• REQUIRED ACTION: All of the data should be copied exactly, with the pictures left out.

• DATA:
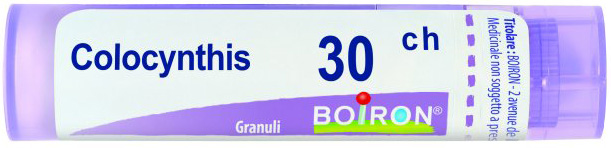 COLOCYNTHIS 30 CH GRANULI - Farmacia Dott. Pasquale Russo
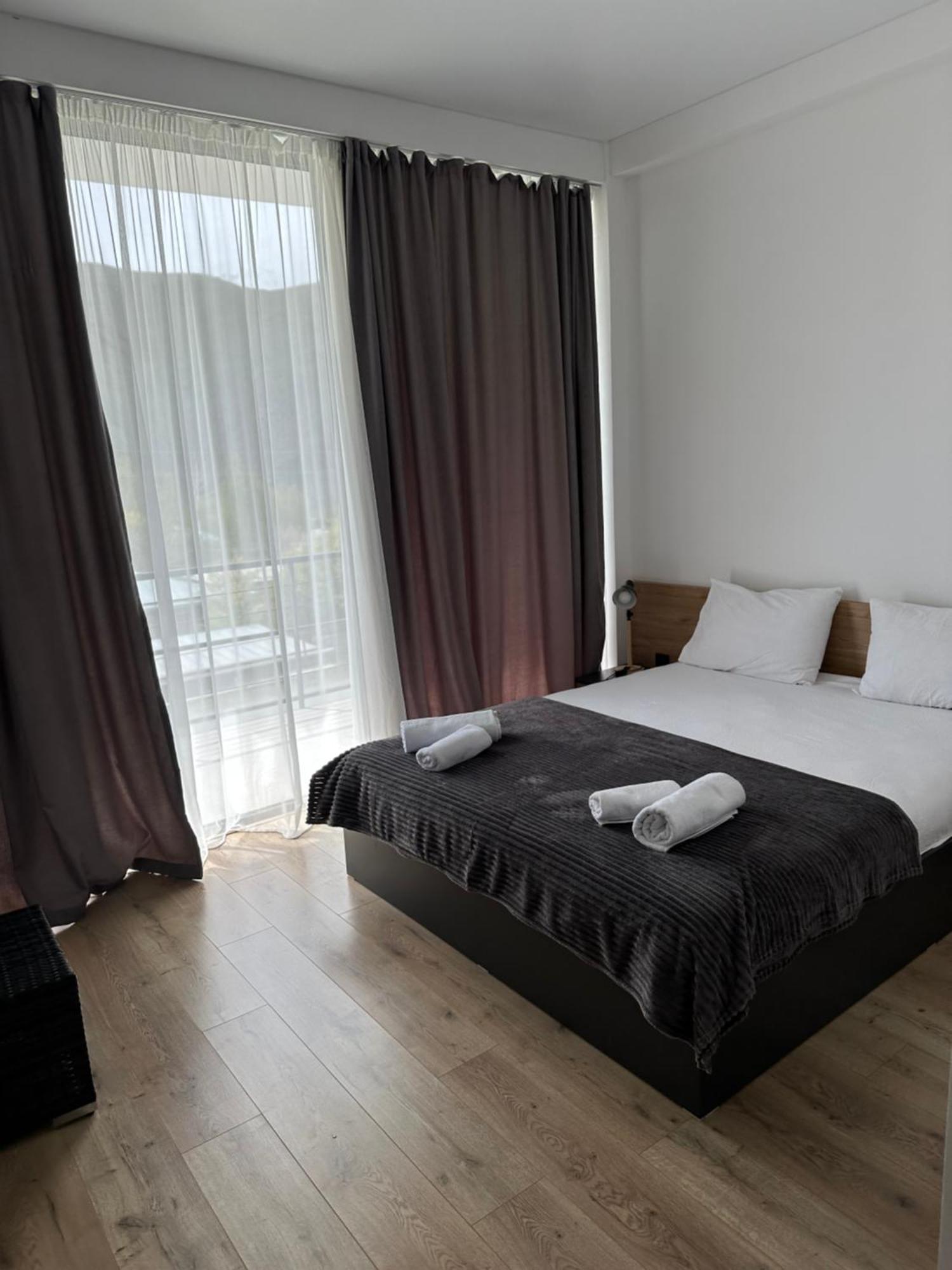 Chalet Kazbegi Otel Dış mekan fotoğraf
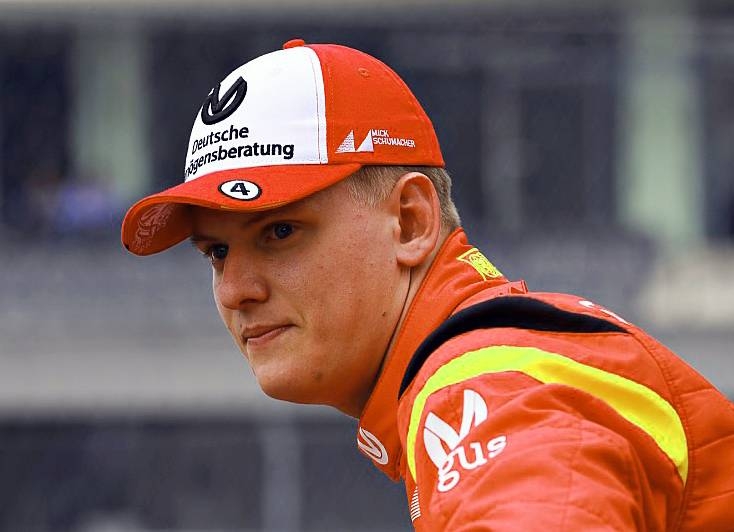 Mick Schumacher will drive his father Michael’s 2004 Ferrari Formula One car in a demonstration run at the German Grand Prix in Hockenheim next month.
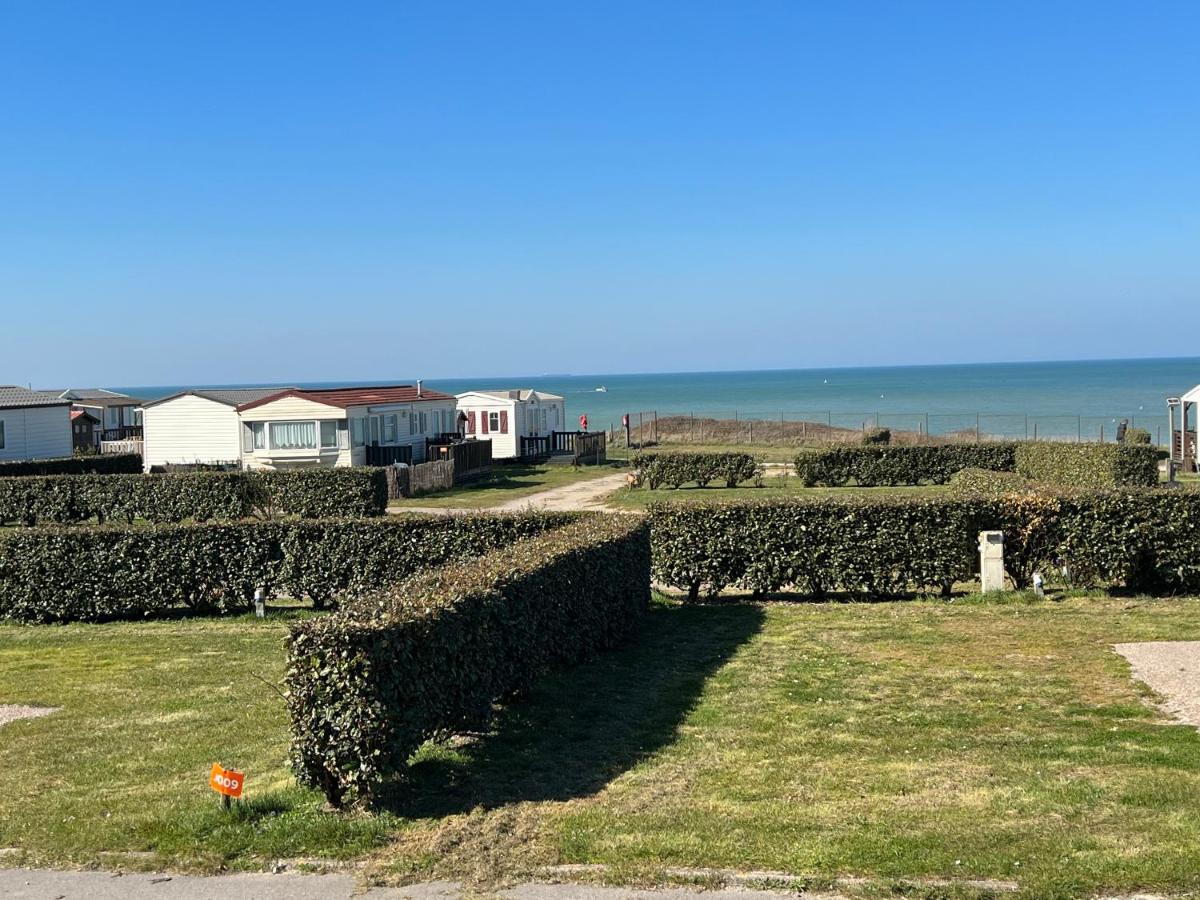 Lopaline, Mobil-Home Vue Mer - لي بورتيل المظهر الخارجي الصورة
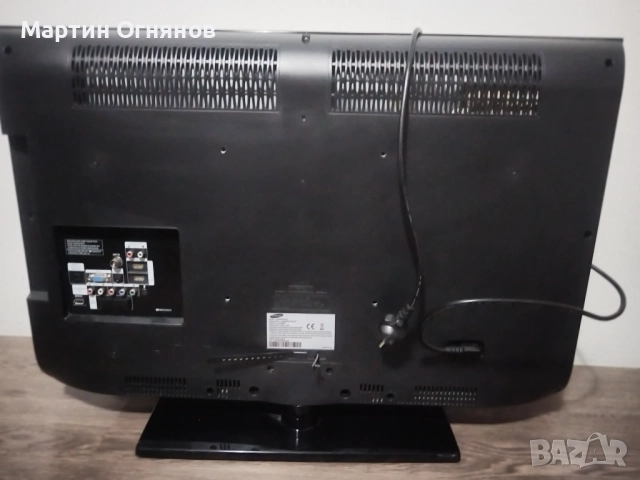 Телевизор Samsung , снимка 3 - Телевизори - 52456374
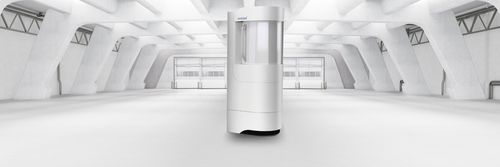 Machine tool integrated loader - ECOLOAD - STUDER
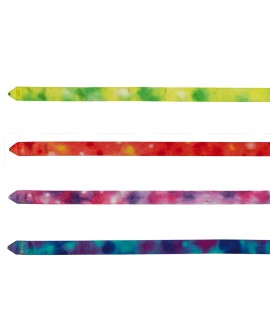 RUBAN TIE and DYE CHACOTT 5M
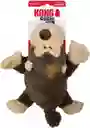 Juguete Kong Cozie Mono M Para Perro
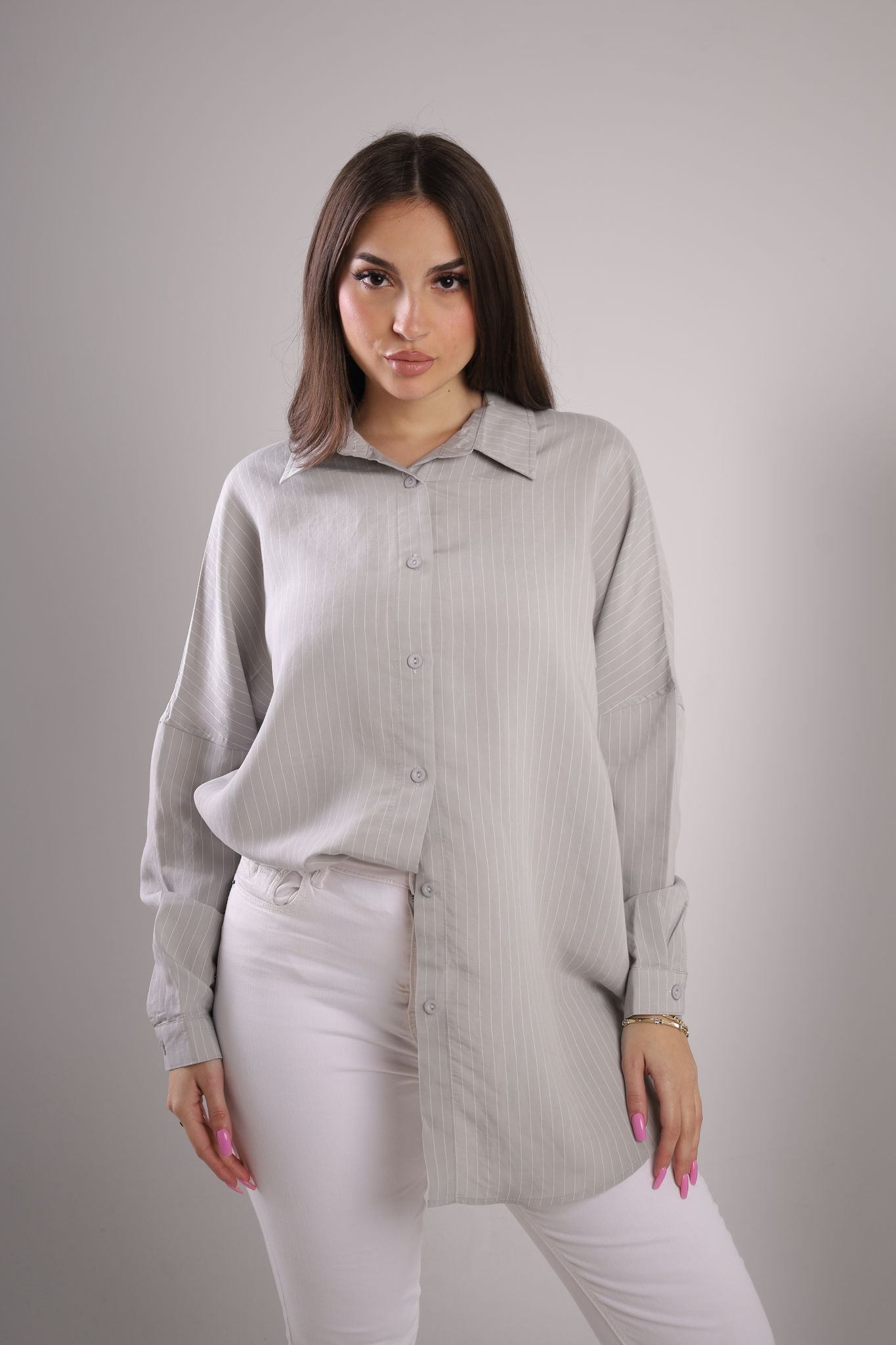 Stripped shirt - Magazin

• SOLUTION FOR THIS PROBLEM:
 COLOCYNTHIS 30 CH GRANULI - Farmacia Dott. Pasquale Russo
 Chalet Kazbegi Otel Dış mekan fotoğraf
 Mick Schumacher will drive his father Michael’s 2004 Ferrari Formula One car in a demonstration run at the German Grand Prix in Hockenheim next month.
 Lopaline, Mobil-Home Vue Mer - لي بورتيل المظهر الخارجي الصورة
 Телевизор Samsung , снимка 3 - Телевизори - 52456374
 Machine tool integrated loader - ECOLOAD - STUDER
 RUBAN TIE and DYE CHACOTT 5M
 Juguete Kong Cozie Mono M Para Perro
 Stripped shirt - Magazin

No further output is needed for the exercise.